Open Kubuxu opened 8 years ago
The solution i'm investigating here is batching together outgoing provide operations, combining findpeer queries and outgoing 'puts'. The issue is that it might require making some backwards incompatible changes to the dht protocol, which isnt really a huge problem since we have multistream
@magik6k Thanks! I will keep you posted as we make improvements to this.
Similar report, while adding ~70,000 objects (~100k ea) we were maxing out our instance's traffic (70MBit in, 160MBit out) for over 14 hours (!!!), at which point someone killed the IPFS daemon.
Back of the envelope, this is at least 1TB outgoing for ~10GB files.
One particular problem: because the daemon was killed before the process completed, it seems that almost none of the files were pinned. Running ipfs repo gc
deleted almost everything:
; before gc
NumObjects 2995522
RepoSize 20
RepoPath /home/ubuntu/.ipfs
Version fs-repo@4
; after gc
NumObjects 771
RepoSize 20
RepoPath /home/ubuntu/.ipfs
Version fs-repo@4
(side note, the chunk counts seem way too high too, almost 40x per image instead of expected 4x)
@parkan which version of ipfs are you using? This is definitely a known issue, but it has been improved slightly since 0.4.2
@whyrusleeping 0.4.3-rc3
@whyrusleeping my intuition is that there's some kind of context that's not being released before a queue is drained, which is supported by none of the files being pinned successfully after killing the daemon. Does this seem plausible?
@parkan are you killing the daemon before the add call is complete?
@whyrusleeping no, these are all individual add calls that complete reasonably quickly, load/network traffic happens w/o client interaction
One particular problem: because the daemon was killed before the process completed, it seems that almost none of the files were pinned.
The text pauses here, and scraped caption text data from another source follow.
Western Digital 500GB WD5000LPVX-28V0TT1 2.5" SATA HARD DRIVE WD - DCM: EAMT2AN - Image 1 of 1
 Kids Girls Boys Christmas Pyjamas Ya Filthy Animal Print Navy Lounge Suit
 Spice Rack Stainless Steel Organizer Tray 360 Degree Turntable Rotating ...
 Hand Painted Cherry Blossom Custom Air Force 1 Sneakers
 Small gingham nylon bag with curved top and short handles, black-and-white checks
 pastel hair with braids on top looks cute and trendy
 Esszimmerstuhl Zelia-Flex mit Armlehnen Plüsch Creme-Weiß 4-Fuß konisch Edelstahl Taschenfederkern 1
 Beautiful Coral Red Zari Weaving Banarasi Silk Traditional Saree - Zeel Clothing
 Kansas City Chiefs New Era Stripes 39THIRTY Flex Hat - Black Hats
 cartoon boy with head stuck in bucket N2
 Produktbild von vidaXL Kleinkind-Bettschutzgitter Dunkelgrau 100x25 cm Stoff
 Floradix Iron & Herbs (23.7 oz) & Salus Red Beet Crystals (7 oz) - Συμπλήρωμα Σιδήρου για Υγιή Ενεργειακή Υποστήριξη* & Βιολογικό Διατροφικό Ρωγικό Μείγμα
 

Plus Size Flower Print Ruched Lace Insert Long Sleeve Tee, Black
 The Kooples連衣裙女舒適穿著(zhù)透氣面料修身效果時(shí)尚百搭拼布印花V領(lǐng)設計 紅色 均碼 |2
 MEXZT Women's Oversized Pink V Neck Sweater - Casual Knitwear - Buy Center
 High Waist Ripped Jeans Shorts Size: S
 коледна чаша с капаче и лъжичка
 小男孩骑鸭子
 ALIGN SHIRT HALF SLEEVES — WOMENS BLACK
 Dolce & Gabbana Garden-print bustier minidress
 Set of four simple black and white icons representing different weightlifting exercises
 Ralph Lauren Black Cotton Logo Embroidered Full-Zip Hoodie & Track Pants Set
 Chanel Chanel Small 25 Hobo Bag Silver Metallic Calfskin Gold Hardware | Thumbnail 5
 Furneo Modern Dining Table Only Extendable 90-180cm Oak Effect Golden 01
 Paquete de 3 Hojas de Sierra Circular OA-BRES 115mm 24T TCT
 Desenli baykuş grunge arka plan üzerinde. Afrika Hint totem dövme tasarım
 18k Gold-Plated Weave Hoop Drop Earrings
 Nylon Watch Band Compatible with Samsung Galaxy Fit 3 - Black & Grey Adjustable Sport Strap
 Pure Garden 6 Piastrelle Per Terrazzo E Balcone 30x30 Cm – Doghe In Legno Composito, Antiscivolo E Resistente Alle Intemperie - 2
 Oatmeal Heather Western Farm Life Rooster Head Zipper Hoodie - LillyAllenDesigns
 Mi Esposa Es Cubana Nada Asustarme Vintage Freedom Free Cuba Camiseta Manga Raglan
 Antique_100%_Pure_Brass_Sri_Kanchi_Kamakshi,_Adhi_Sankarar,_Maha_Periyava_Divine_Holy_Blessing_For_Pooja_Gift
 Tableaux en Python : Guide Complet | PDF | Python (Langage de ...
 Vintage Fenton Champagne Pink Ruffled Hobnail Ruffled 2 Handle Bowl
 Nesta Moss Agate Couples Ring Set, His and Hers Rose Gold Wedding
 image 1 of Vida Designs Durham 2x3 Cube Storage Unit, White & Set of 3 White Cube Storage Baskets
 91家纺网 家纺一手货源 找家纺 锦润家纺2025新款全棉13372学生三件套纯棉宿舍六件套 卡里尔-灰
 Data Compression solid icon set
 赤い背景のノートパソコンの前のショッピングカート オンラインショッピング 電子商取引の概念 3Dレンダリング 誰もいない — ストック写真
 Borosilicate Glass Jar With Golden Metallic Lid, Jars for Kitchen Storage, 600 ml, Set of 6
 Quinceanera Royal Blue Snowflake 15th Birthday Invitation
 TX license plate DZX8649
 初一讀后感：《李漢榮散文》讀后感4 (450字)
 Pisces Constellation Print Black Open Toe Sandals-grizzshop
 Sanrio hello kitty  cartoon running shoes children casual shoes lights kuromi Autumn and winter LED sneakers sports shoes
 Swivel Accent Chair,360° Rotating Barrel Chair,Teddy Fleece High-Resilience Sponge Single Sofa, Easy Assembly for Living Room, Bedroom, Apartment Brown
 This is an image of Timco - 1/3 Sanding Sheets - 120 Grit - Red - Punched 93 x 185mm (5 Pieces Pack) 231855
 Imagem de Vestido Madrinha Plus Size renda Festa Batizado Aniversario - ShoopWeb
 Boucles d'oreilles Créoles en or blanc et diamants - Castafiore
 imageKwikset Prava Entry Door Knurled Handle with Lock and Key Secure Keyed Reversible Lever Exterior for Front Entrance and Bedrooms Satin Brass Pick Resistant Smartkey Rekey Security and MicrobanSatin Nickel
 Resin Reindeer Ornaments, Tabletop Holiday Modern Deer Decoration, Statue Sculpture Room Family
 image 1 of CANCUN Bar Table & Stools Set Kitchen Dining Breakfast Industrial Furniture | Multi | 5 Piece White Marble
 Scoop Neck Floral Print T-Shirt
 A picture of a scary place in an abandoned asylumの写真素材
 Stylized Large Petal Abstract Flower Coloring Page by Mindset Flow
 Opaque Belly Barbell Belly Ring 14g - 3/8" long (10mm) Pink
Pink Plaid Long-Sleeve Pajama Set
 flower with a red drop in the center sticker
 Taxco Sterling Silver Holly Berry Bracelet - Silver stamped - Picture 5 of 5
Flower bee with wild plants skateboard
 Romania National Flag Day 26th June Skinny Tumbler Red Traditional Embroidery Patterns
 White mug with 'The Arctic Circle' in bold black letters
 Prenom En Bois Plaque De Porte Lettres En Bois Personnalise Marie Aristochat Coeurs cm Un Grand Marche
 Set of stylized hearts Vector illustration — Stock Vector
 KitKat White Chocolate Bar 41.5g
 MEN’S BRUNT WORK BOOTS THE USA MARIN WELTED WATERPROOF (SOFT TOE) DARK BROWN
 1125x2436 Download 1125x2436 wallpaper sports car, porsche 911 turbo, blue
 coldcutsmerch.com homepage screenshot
Running ipfs repo gc deleted almost everything:
That's a very serious bug to figure out. consistency is paramout here and that's much more important to get right.
Similar report, while adding ~70,000 objects (~100k ea) we were maxing out our instance's traffic (70MBit in, 160MBit out) for over 14 hours (!!!), at which point someone killed the IPFS daemon.
Back of the envelope, this is at least 1TB outgoing for ~10GB files.
This is caused by providing random access to all content, as discussed via email. for the large use case, we should look at recompiling go-ipfs without creating a provider record for each object, and leverage direct connections. (FWIW, orbit on js-ipfs works without the DHT entirely, and i imagine your use case here could do very well if you make sure to connect the relevant nodes together so there's no discovery to happen. This is the way to do it before pubsub connects them for you).
You can check which objects are pinned after an add with: ipfs pin ls --type=recursive
.
It also seems really weird that your repo size is listed as 20
for both of those calls...
@parkan also, what is the process for adding files? is it just a single call to ipfs add
? or many smaller calls broken up? Are you passing any other flags?
@parkan on chunk size, i'd be interested (separately) how well Rabin Fingerprint based chunking (ipfs add -s <file>
) does for your images. If they're similar it should reduce the storage, but this is experimental and not proved to help. it's also slower on add, as it's got to do math when chunking.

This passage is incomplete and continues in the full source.